University of Kentucky students were quick to take advantage of the re-release of the beloved iOS social media platform Yik Yak.
The app, originally released in 2013 by CEO Tyler Droll, allows people within a five-mile radius of each other to create threads of short, public messages known as “Yaks.”
Much of the appeal behind the app is that unlike other thread-based apps, such as Twitter or Nearby, users remain completely anonymous.
“My favorite part is the anonymity. Apps like Twitter and Instagram are pretty superficial,” UK junior Bryanmarc Ray said. “With Yik Yak, I can still express an idea without having the stress of showing my face.”
The craze of seemingly consequence-free posting declined when the company received backlash over cyberbullying and hate speech associated with the app. After a significant loss of nearly 1.5 million downloads in two years, the app was removed from the iOS app store in April 2017, according to the New York Times.
Prior to its shutdown, the app was purchased by the online commerce corporation Square, which then purchased the rights to re-develop the app in February 2021 for $1 million.
The app announced its return in August 2021, and thousands of college students immediately flocked to the app store. UK students were no exception to the bandwagon.

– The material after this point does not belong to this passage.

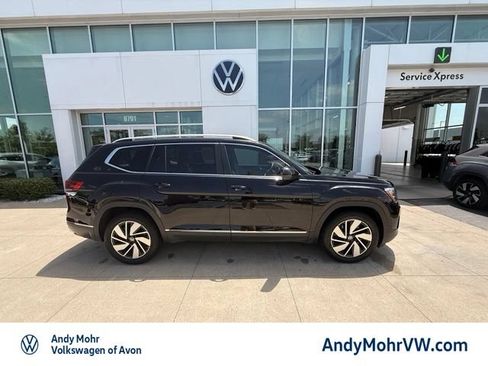 Used 2024 Volkswagen Atlas SEL AWD/4WD image 5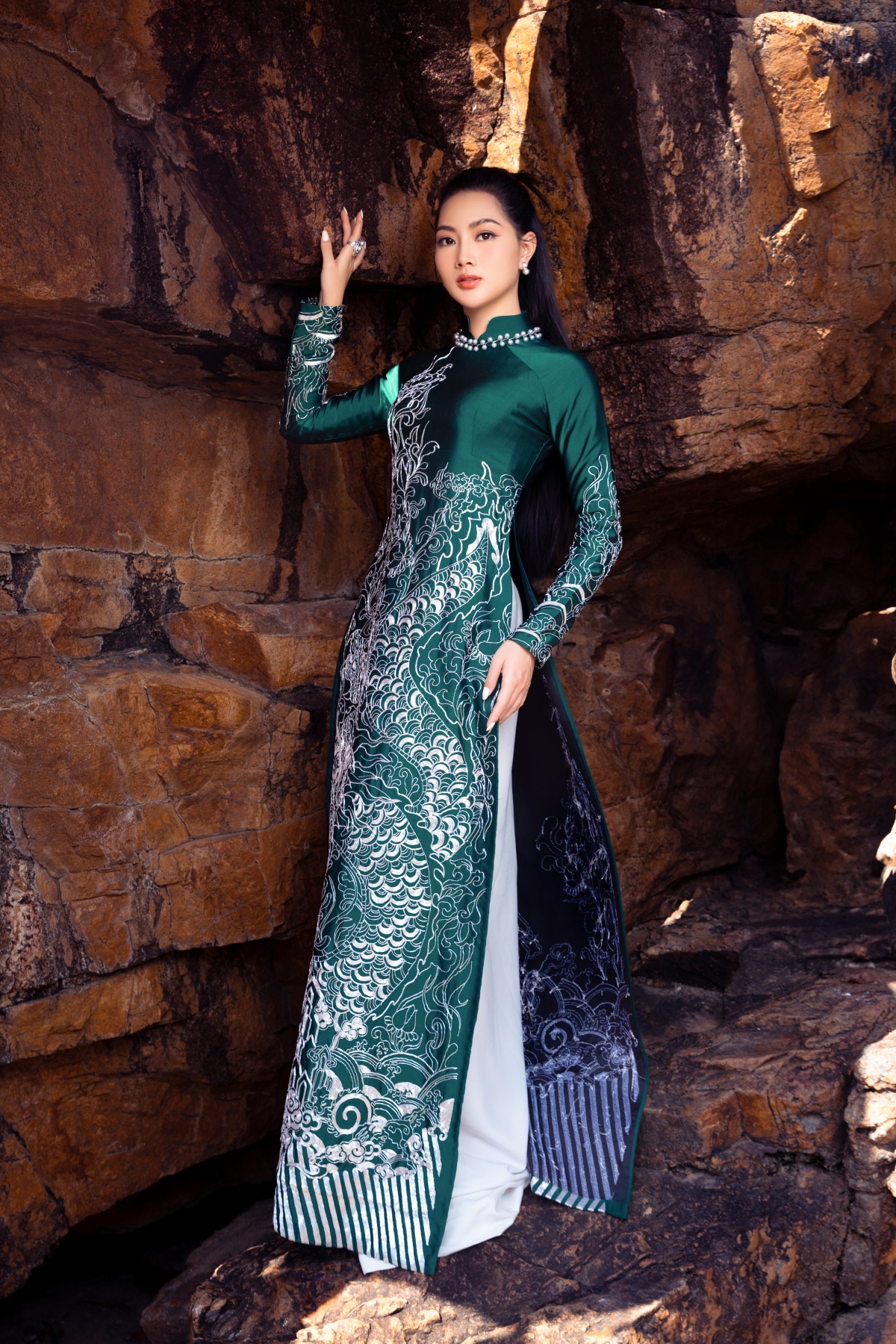 dan thi sinh miss world vietnam 2023 khoe sac trong bo anh ao dai hinh anh 2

“[The app] is full of risqué comments about students, professors and overall campus activities; the ability to post anonymous chats thrilled students,” sophomore Elyse Pilcher said.
Most posts, as Pilcher noted, include gossip and vague talk of happenings around campus and the Lexington area.
“What’s the move tonight?”
“It kinda stinks in Willy T right now.”
“Best bars in Lexington??”
Though many of the public posts still seem to be unregulated, the app’s updated website includes an extensive list of community guidelines for recognizing and reporting prohibited behavior and mental health resources such as national help hotlines not affiliated with the app.
Any “Yak” can be reported and sent to moderators for review of conduct. Posts that are deemed inappropriate are then removed from the local feed.
Many students have their own concerns about the fate of the app, though.
Sophomore Grace Hughes said she predicts the app will likely be shut down again due to “the extent of the harsh comments directed at specific students and groups.”
Though anonymity is what drives many students to be bold and courageous on the app, an undeniably large portion of “Yaks” could be considered vulgar, rude and unnecessary.
“Even though it is anonymous, the app can do a lot of harm,” Hughes said
Widespread controversy of Yik Yak has yet to create any corporate indication of another shutdown, so the app doesn’t seem to be going anywhere in the foreseeable future.